Being a Mom Makes You a Better Employee

I will never forget the anxiousness I felt as my maternity leave was coming to an end after my first child was born. Less anxious about going back to work, but more anxious about what our new routine was going to look like, how in the WORLD I would be able to get myself AND a child ready and out the door in the mornings, how tired I was going to be and lastly, if I was going to be a different employee.

While I knew I was still the same employee with the same skill set, after becoming a mom, I was a totally different person. I had different priorities outside of work, which meant sometimes my mind was all over the place. Was I going to still be a good contributor and leader in the workplace? At the time, I knew these fears were normal and luckily, my transition back was not horrible, but there are days now when I still wonder these things. Questioning if I can balance it all – be a great mom and a great employee. I mainly wonder this because there can be such a negative stigma about working parents and their ability to contribute fully at work and manage their life at home.

Being a Mom Makes You a Better Employee

I have been back to work now after having my third baby for almost two months. The anxiety the third time around is still there, just a bit different. I knew what our routine was going to look like (just add one more stop!), I am well aware of the absolute chaos mornings are and try plan ahead, I am just perpetually tired with three kids aged four and under, and I AM a different employee. And I have changed with each kid and I believe, have truly become a better employee each time I’ve come back from maternity leave. Here are five reasons why I think being a parent CAN make you a better employee:

  1. Perspective. This is one thing that I think changes for most parents almost immediately after you have a baby. Your life went from only caring about yourself to now revolving completely on keeping another human alive.   The worry and fears that parents have for their children is ongoing and only seems to get worse when you watch the news or hear a story about a sick child. So when something goes wrong at work or there is a stressful deadline or project, do I get stressed out? Absolutely. However, while my work and job is extremely important, my family and children are more important. When something goes wrong at work, all I have to do is go pick up my healthy, happy children and my world is a better place and my mind gets relief of stress. Baby snuggles help, too. 
  2. Empathy. You’re late to work? I get it. I have three kids who lose their shoes and don’t want to put on clothes. You’re stuck in traffic? It’s fine – I’ve been there. You’re sick AGAIN? I know first-hand that kids are dirty little-germ filled creatures. Most employee related situations, I have also lived and can relate and likely have a story to tell you about the time that I did the same thing. Life happens and as a parent, I feel like I have a better appreciation for it all.
  3. Prioritization and efficiency (aka ninja). This is a quality I think happens for most working parents. You only have so many hours in a day to get everything done – you find creative ways to get it all done and not go crazy.  For me, finding the balance means not taking my work home with me. While sometimes unavoidable, I have learned to be an efficient, multi-tasking, prioritizing ninja worker during the day to avoid opening up my computer at night. Overall, this makes me a more productive contributor during the day, even if that sometimes means giving up all the water cooler talk (boo). Now onto the more fun qualities…
  4. Problem solver extraordinaire. Having toddlers and somewhat inept preschoolers, they are constantly losing stuff.  Or putting it somewhere that five seconds later they cannot remember. I’m great at finding it and negotiating with little people that are unreasonable most of the time. So add problem solver to my list of skill sets! When someone comes to me with an issue at work, I am much more prepared to listen carefully, show sincere concern and help to solve their problem – even if it is ridiculous.
  5. Sense of humor – always. Need a good laugh or want to hear a funny/ridiculous story? I’m your girl. Want to tell me a funny/ridiculous story? I’m your girl. I have a particular affinity to stories about ridiculous kids doing crazy things, but I also like dog stories, going out stories, boyfriend/girlfriend drama and especially, family drama. My kids constantly provide me with entertainment, and I feel like every workplace could use a laugh, right?  

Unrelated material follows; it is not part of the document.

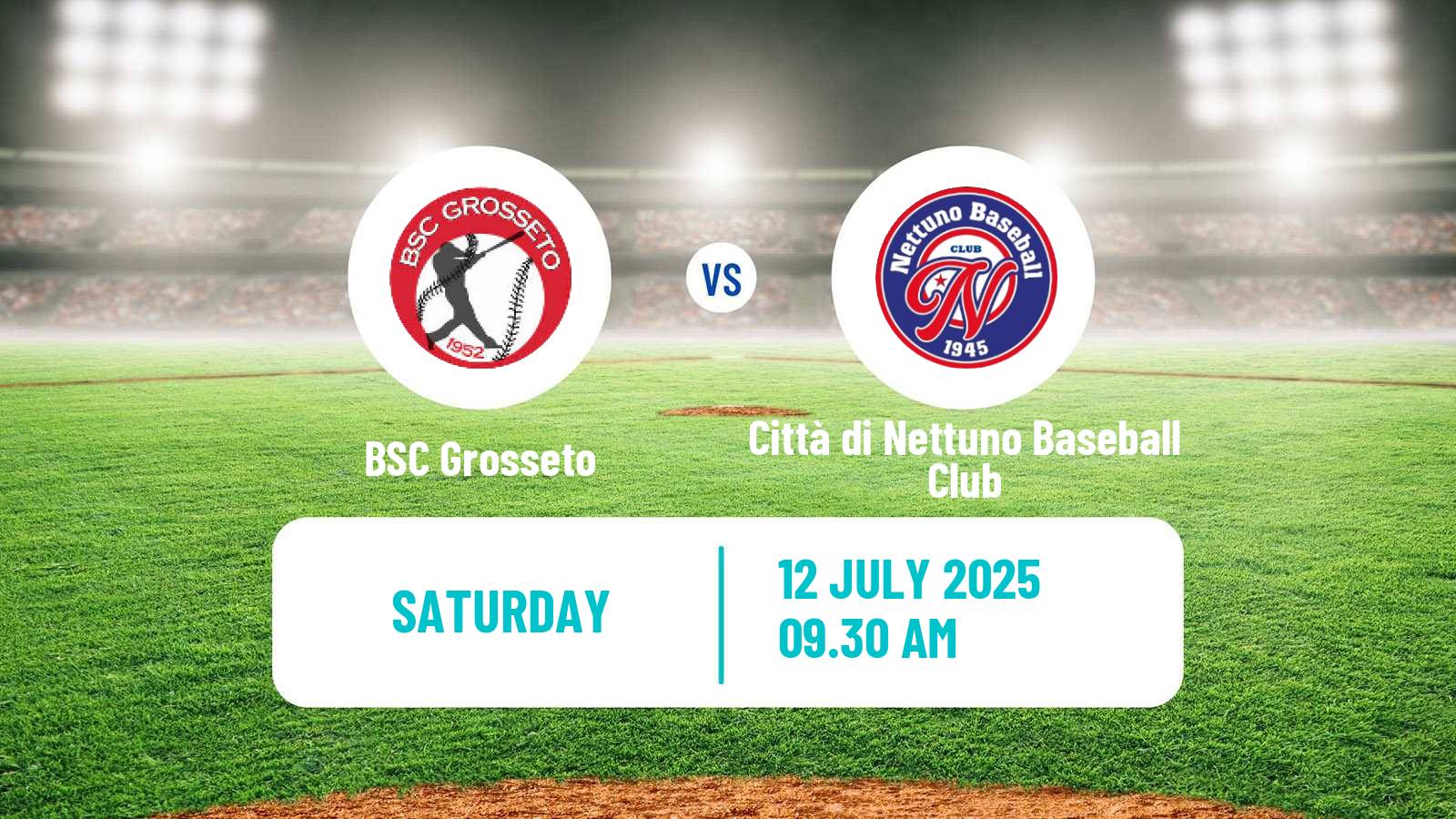 Baseball Italian Serie A1 Baseball BSC Grosseto - Città di Nettuno Baseball Club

While everyone might not believe these things, check out this amazing video of a mom’s performance review right after she got back from maternity leave. I love watching this and her sincere surprise when she hears what positive things people have to say about her – we need to give ourselves as working moms (and dads!) more credit people.

Hold your heads high ladies and remember that while it sometimes may seem like these little (and big) kids suck everything out of us, you are bringing critical and necessary skills to your workplace! Focus on the positive and tangible things that having a kid (or two, or three) have taught you and how you are able to apply that to your work. While you are absolutely not the same employee before you had kids, I’m betting that you are even better.